Lucinda Manda Taylor: an ethicist and social science research leader from Malawi, stresses on genuinely engaging with local stakeholders in the co-creation of knowledge

The Spotlight series is an interview-based profile series by McGill Global Health Perspectives. The series focuses on researchers and practitioners in global health outside of high-income country settings (and) or representing marginalized groups. For our fourth spotlight profile, we are featuring Dr Lucinda Manda Taylor, Senior Lecturer, program director for the Master of Science in Global Health implementation program at the University of Malawi, College of Medicine, now known as the Kamuzu University of Health Sciences and Research Fellow in the Centre for Bioethics in Eastern and Southern Africa (CEBESA) and the Training Research Unit of Excellence (TRUE).


Dr. Lucinda Manda Taylor, who grew up in Malawi, completed her doctoral studies in applied ethics at the University of Kwa-Zulu Natal, South Africa.

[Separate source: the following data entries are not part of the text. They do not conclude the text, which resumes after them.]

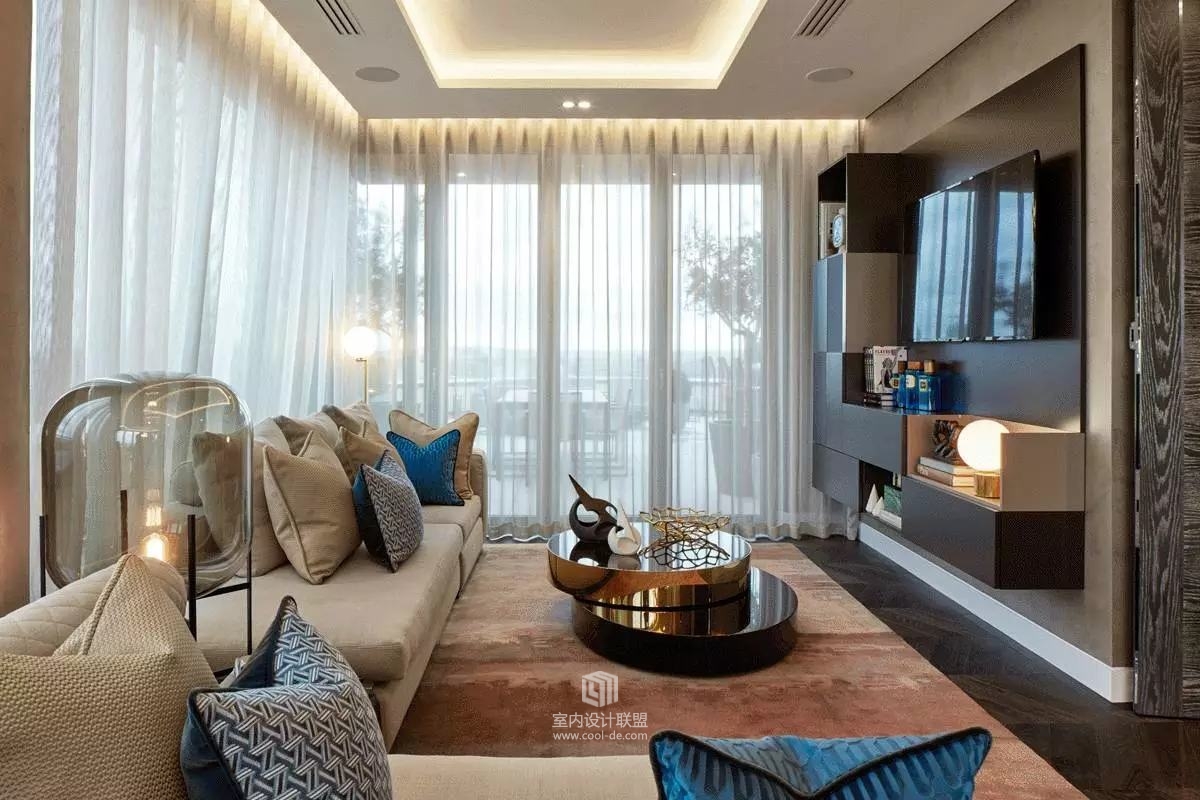 伦敦豪华公寓设计-4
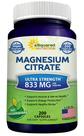 Suplemento Squared Nutrition Citrato de Magnésio 83 mg 200 cápsulas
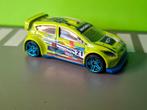 Hotwheels - 2012 Ford Fiesta Rally [groen] 1/60, Ophalen of Verzenden, Gebruikt, Auto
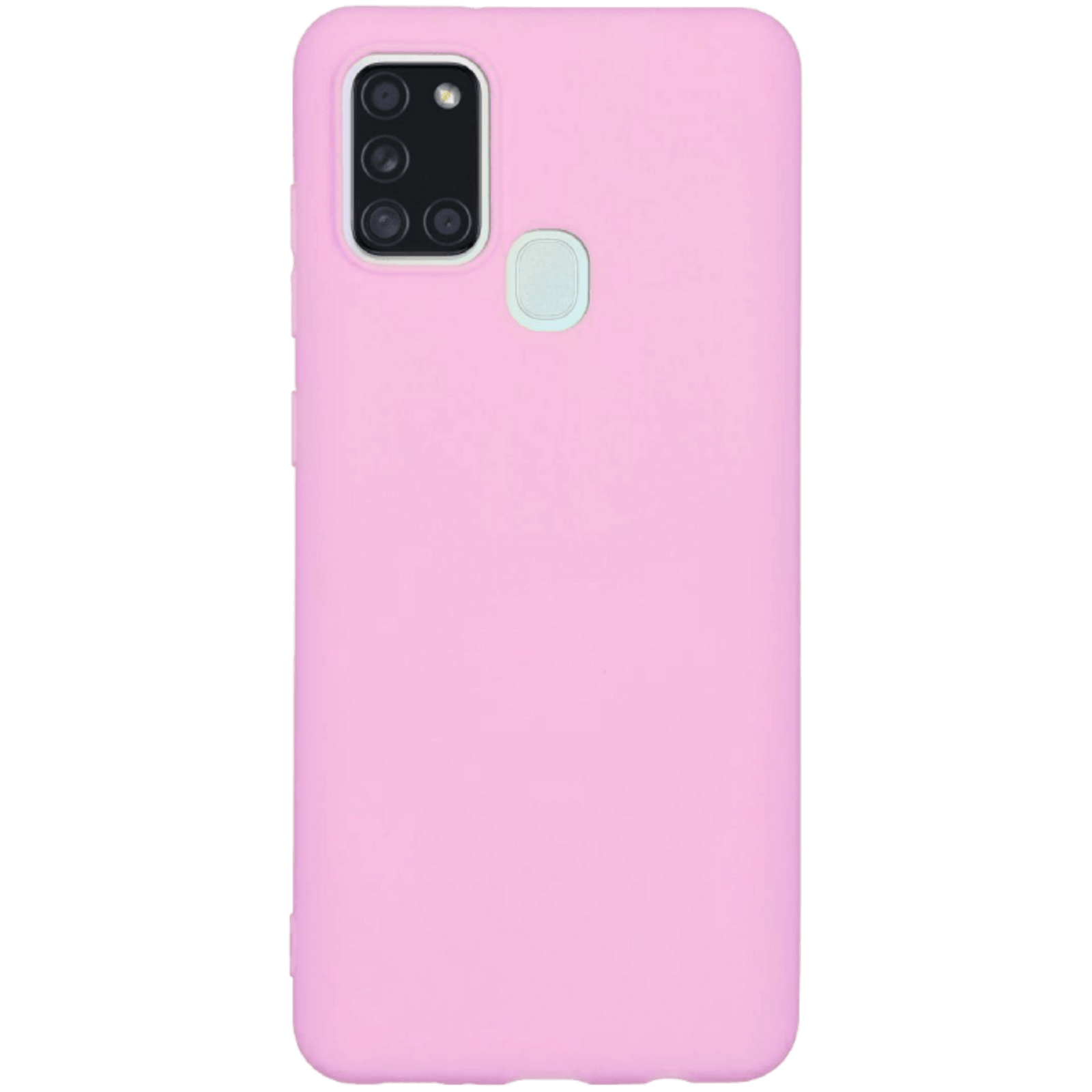 Mocaa Samsung Galaxy A21s Telefoonhoesje Slim-Fit Roze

As an educator, she is currently a senior lecturer in bioethics and social science research methods at the Kamuzu University of Health Sciences, Malawi. She was the deputy head of the Health Systems and Policy department and is the current program director for the Master of Science in Global Health Implementation program. She was also the editor-in-chief for the Malawi Medical Journal. Her research focuses on exploring the perceptions of community members and research stakeholders on the ethical conduct of research and clinical practice. She also focuses on community barriers that impede access to health care and factors that determine access and uptake to health services.

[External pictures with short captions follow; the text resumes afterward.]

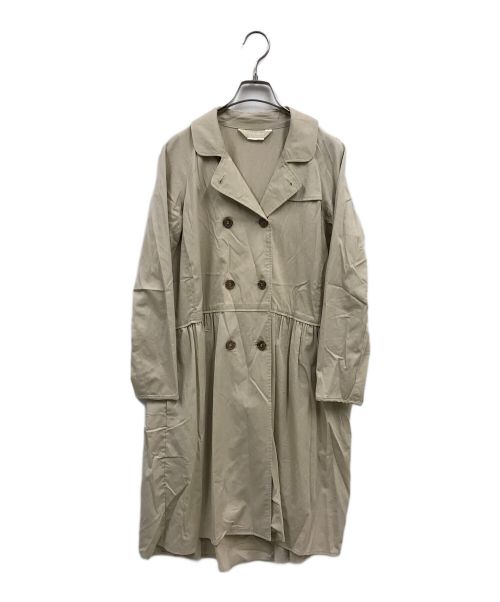 'S Max Mara（エスマックスマーラ）'S Max Mara (エスマックスマーラ) 2WAYスプリングコート/コート ベージュ サイズ:38の古着・服飾アイテム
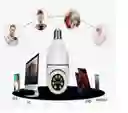 Camara De Seguridad Inteligente Bombilla Doble Lente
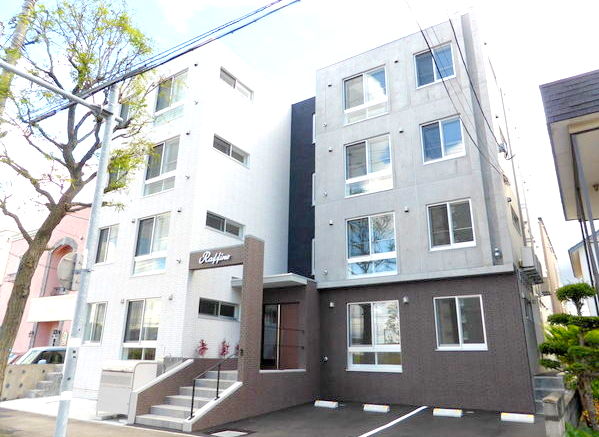 建物外観　地下鉄東西線　新さっぽろ　徒歩5分☆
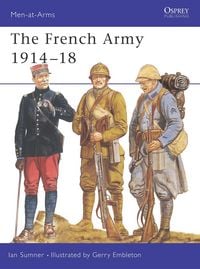 Produktbild: The French Army 1914-18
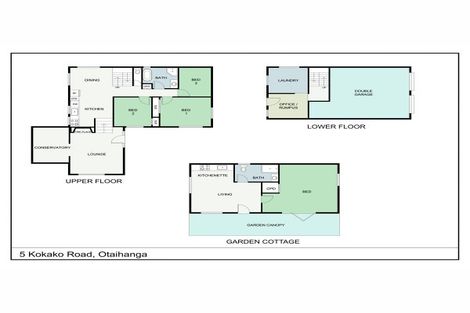 Photo of property in 5 Kokako Road, Otaihanga, Paraparaumu, 5036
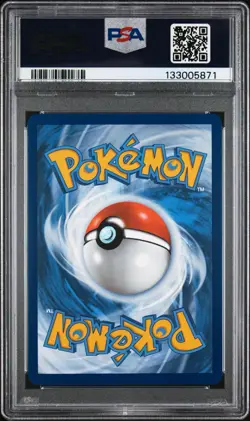 Pokemon Destined Rivals Ethan’s Typhlosion 190 Illustration Rare PSA 8 Dri En - Image 2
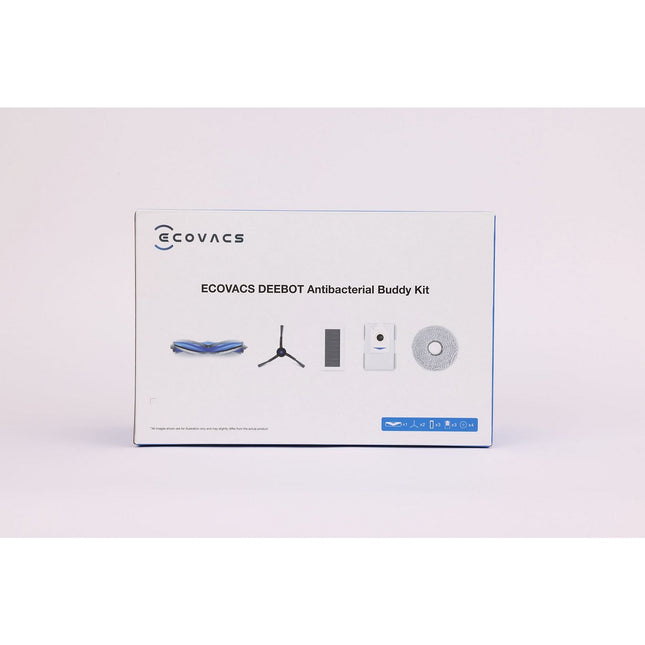 Kit accessoires ECOVACS Entretien Buddy Kit DKT130151 brosses Deebot X1 Omni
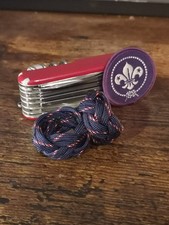 Paracord Scout Woggle Navy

Can you tell us about your journey in global health research?

In terms of education, I completed my post-secondary education in one go. I completed my undergraduate degree in psychology and political science, followed by a master’s degree in political science at the University of Kwa-Zulu Natal, formerly known as the University of Natal. I completed my PhD in applied ethics at the same university. My path was not the traditional linear path to a global health career. Having completed my tertiary education outside of Malawi, I returned home and was employed by the medical school at the University of Malawi. In the corridors of public health or what was then known as community health, I nurtured and grew in this intellectual space that allowed me to bring my ethics qualifications and social science and humanities background into global health. 

We are fortunate to have you with your expertise as we try to make global health a more equitable field.  Can you speak about your current position and the roles you have?

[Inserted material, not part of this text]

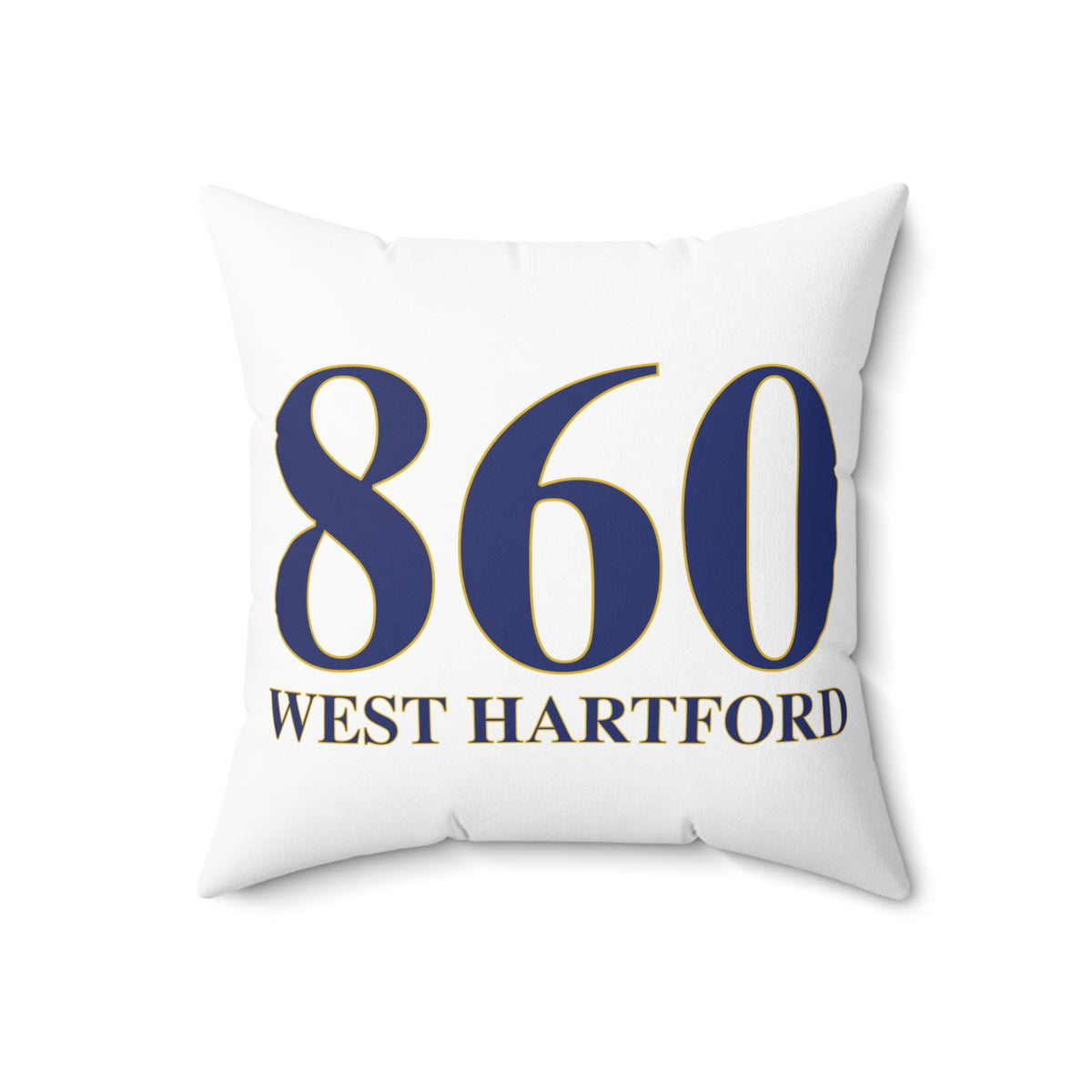 860 West Hartford Polyester Square Pillow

My current work is divided into three spheres. I’m a senior lecturer in the School of Global and Public Health at the Kamuzu University of Health Sciences in Malawi. I teach ethics and social sciences research methods to undergraduate and post-graduate students. I’ve also been appointed as the program director for the Master of Science in Global Health implementation program. I was the deputy head of the Health Systems and Policy department in the School of Global and Public Health. I provided and continue to provide academic and administrative leadership and support in these roles. This is one-third of my tasks. The other two-thirds are divided into research and outreach activities. My research and outreach work focuses on improving the health and wellbeing of Malawians. I have spoken on the radio about women’s mental health during COVID-19 when most professional women worked from home while juggling family responsibilities. I have also spoken on radio and television about promoting women’s health through exercise. I have talked about the ancillary benefits of daily activities on the brain and the body because I’m also a certified fitness instructor, so I love spreading the message of health and wellness taking the time to take care of ourselves.  All these outreach activities are part and parcel of community engagement which I firmly believe is required for every researcher.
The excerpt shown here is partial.